7. Shot down: The apparently very right-wing hostel may want to add the Israel Police to the list after it had the audacity to reject Elor Azaria for a gun license, the Ynet news website reports.

  • Azaria, better known as the soldier who shot and killed an unarmed and wounded Palestinian assailant, had claimed that his life was in danger and he received death threats, but unsurprisingly, police found no reason to put a firearm back in his hands, the news site reports.
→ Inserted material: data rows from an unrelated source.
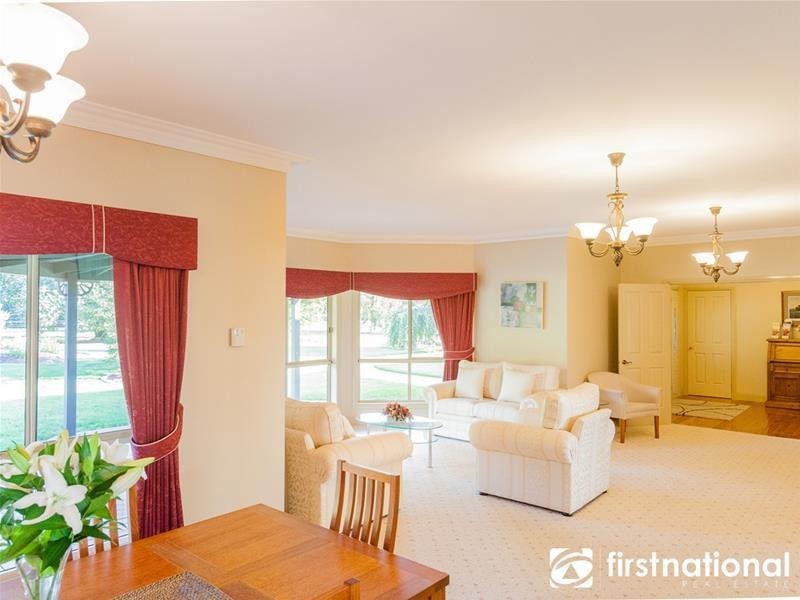 1855 Westernport Road, Ripplebrook VIC 3818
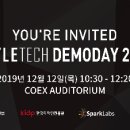 한국디자인 이미지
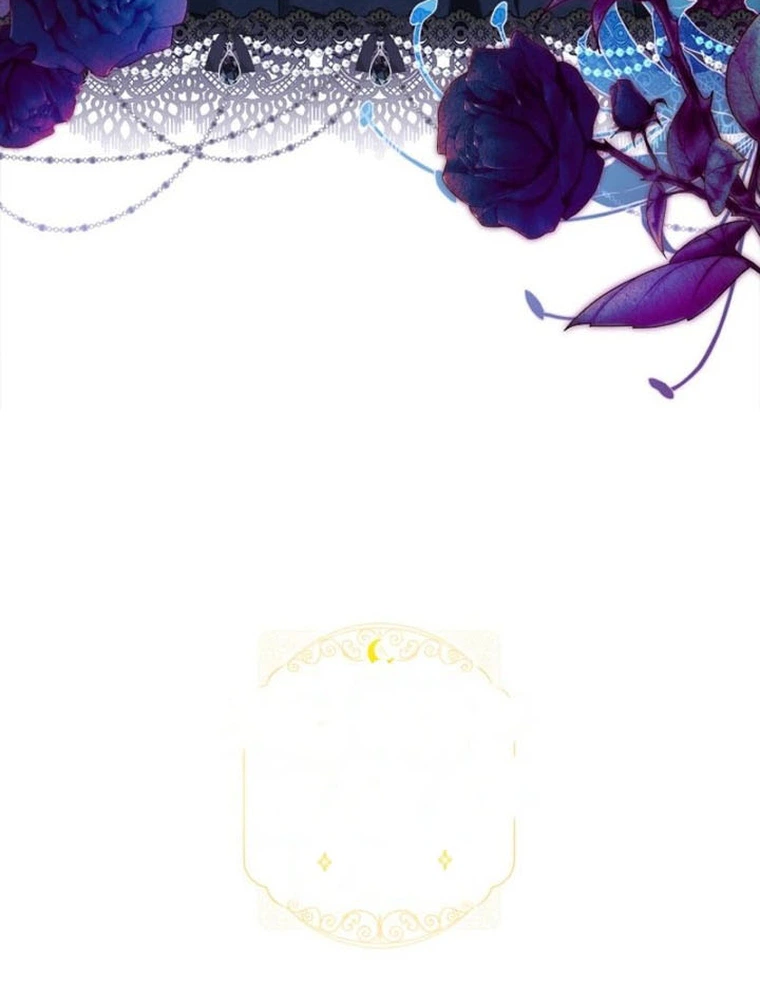 Sub Male Lead, Come to My Bed Chapter 56 Page 32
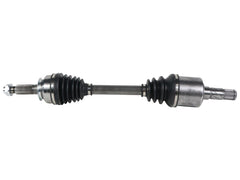 Flecha Del. Izq. KIA Sorento 4WD 03-09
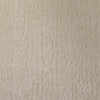 Zolux Kratzer Post City Cat 2 Beige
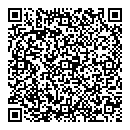 QR код "Viento"
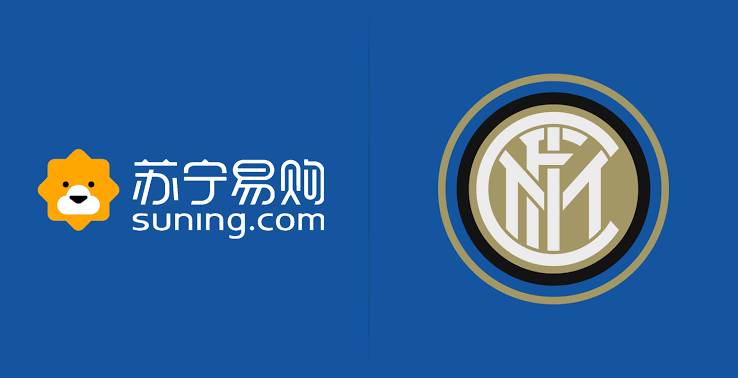 苏宁训练衣服,苏宁易购提供的商品服务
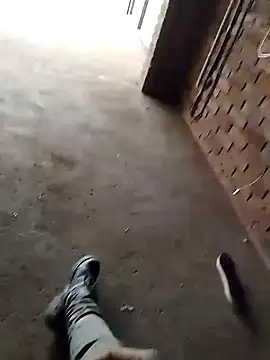 BigboyDick2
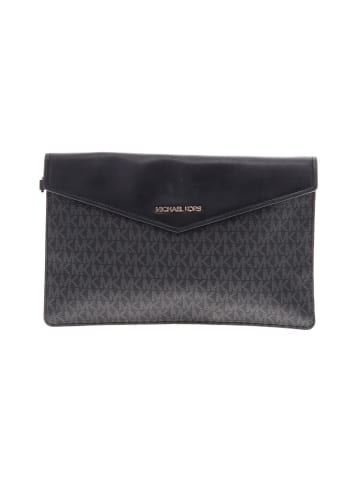 MICHAEL Michael Kors Clutch (view 1)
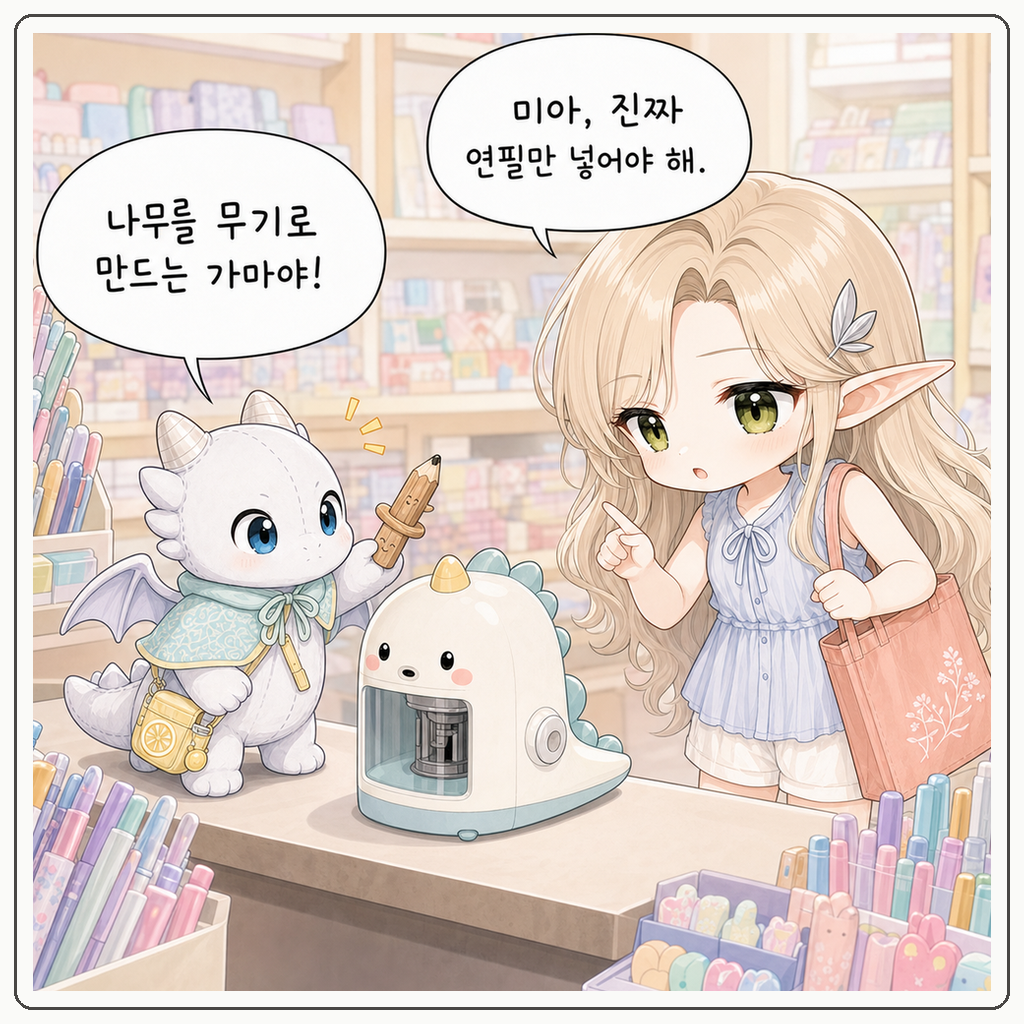 네컷만화/카미아엘_일기/4cut_camiael_094.md 001컷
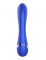 Everlasting Love Vibrator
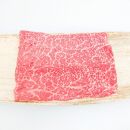 牛肉&nbsp;定期便&nbsp;特選&nbsp;近江牛&nbsp;【頒布会(贅)】［全2回］&nbsp;すきしゃぶ＆焼肉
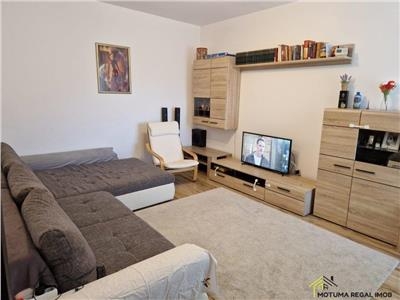 Apartament 2 camere de vanzare Pacii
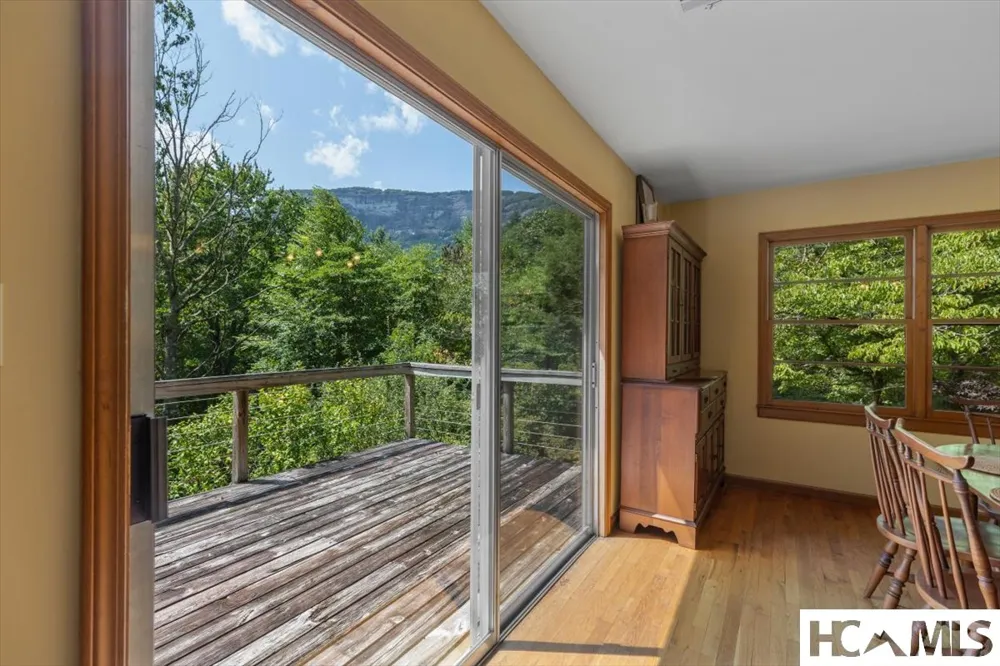 162 Twin Lakes Drive Highlands, NC 28741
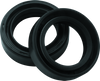 BikeMaster Fork Seal - 27 x 39 x 10.5 - 429008 Photo - Primary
8. Arms to the UAE? Who is getting Israeli weapons? According to Qatari outlet Khaleej Online, it’s the UAE, which signed an arms deal with Israel after top officials from the emirate toured Israel, including military bases.

  • The IDF tells ToI it knows nothing of the report.
  • Arab affairs correspondent Adam Rasgon notes that the outlet isn’t exactly known as sticking to the truth, having a history of spreading dubious reports. Most likely, he says, the story is part of Qatar’s battle with other Gulf states.

9. I did not lay that wreath: UK Labour leader Jeremy Corbyn is under fire after a report he took part in a ceremony honoring one of the masterminds of the Munich Olympics attack.

  • Corbyn’s excuse, that he was there but not involved in wreath laying, is taken as the modern equivalent of Bill Clinton’s lame “I didn’t inhale.”



In any case, blogger Guido Fawkes says he has a video of Corbyn saying he did lay a wreath.